A new anti-loitering ordinance for sex offenders in Oelwein has renewed debate at the statehouse over a proposed state law that would forbid sex offenders from hanging around schools, parks, day care centers and other places where kids congregate.

Representative Clel Baudler, a Republican from Greenfield, is holding a bill in the House that would increase the penalty for child sex abusers and create those anti-loitering zones. But Baudler says if he lets the bill pass the House and go to the Senate, Senator Larry McKibben — a Republican from Marshalltown — will try to attach the death penalty to it and that would kill its chances of passing, according to Baudler.

“I have no problem supporting the death penalty,” Baudler says. “I have a big problem with holding up good policy for that reason.” “Take Senator McKibben out of the mix, we could get something done,” Baudler says.

McKibben bristles at that.
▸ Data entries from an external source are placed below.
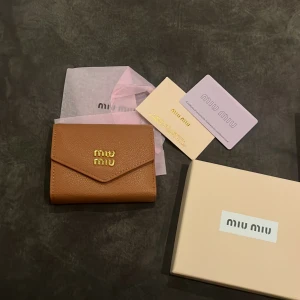 Brun plånbok från Miu Miu i skinn - Snygg brun plånbok från Miu Miu i äkta skinn med guldfärgad logga framtill. Plånboken har flera fack för kort och sedlar, samt en praktisk knappstängning. Kommer med original ask och certifikat. Perfekt storlek för att ha med sig överallt.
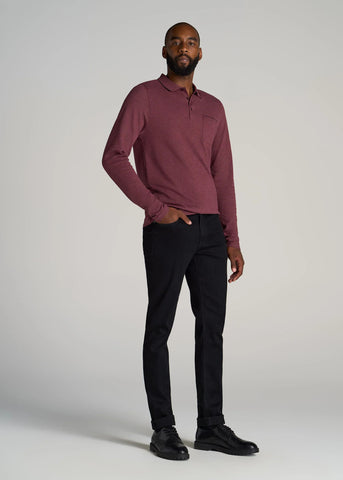 Tall man standing wearing black pants and maroon colored long sleeve polo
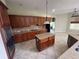 Well-equipped kitchen with dark cabinetry, granite countertops, stainless steel appliances, and center island at 405 Islebay Dr, Apollo Beach, FL 33572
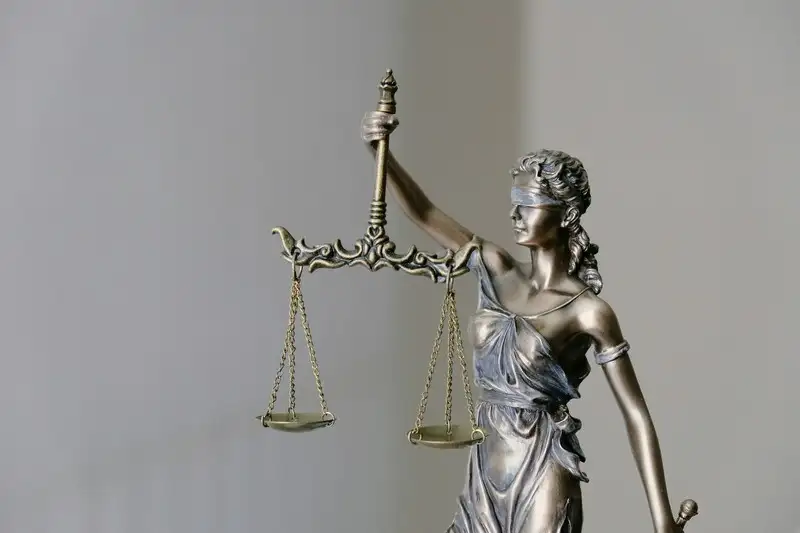 A statue of the scales of justice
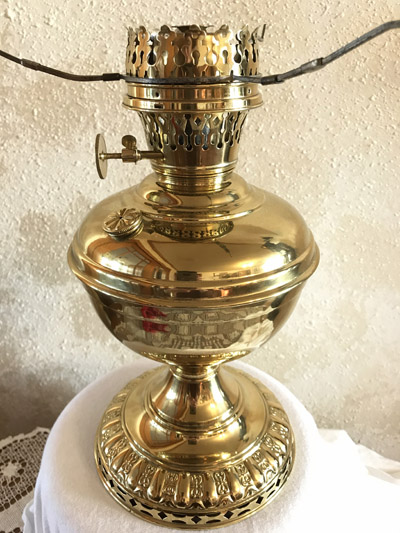 Shiny brass antique oil lamp with decorative patterns on a white cloth-covered surface.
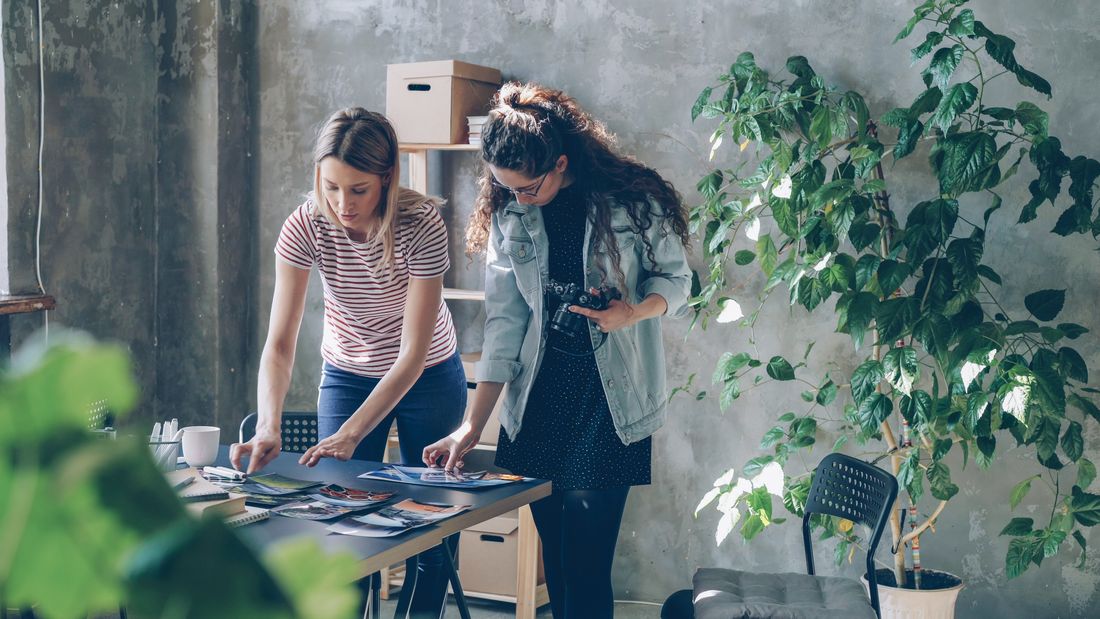 Two people reviewing a set of photography prints together at a table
McKibben says it was the Senate that passed a bill setting a mandatory 25-year prison sentence for anyone convicted of sexually abusing a child under the age of 13, and he says Baudler killed the bill. “Representative Baudler doesn’t have any business criticizing anybody over here,” McKibben says.

“Why didn’t they take up the Jessica’s law that passed unanimously in a bipartisan manner in the Senate?” McKibben asks. “Don’t accuse me of playing politics.”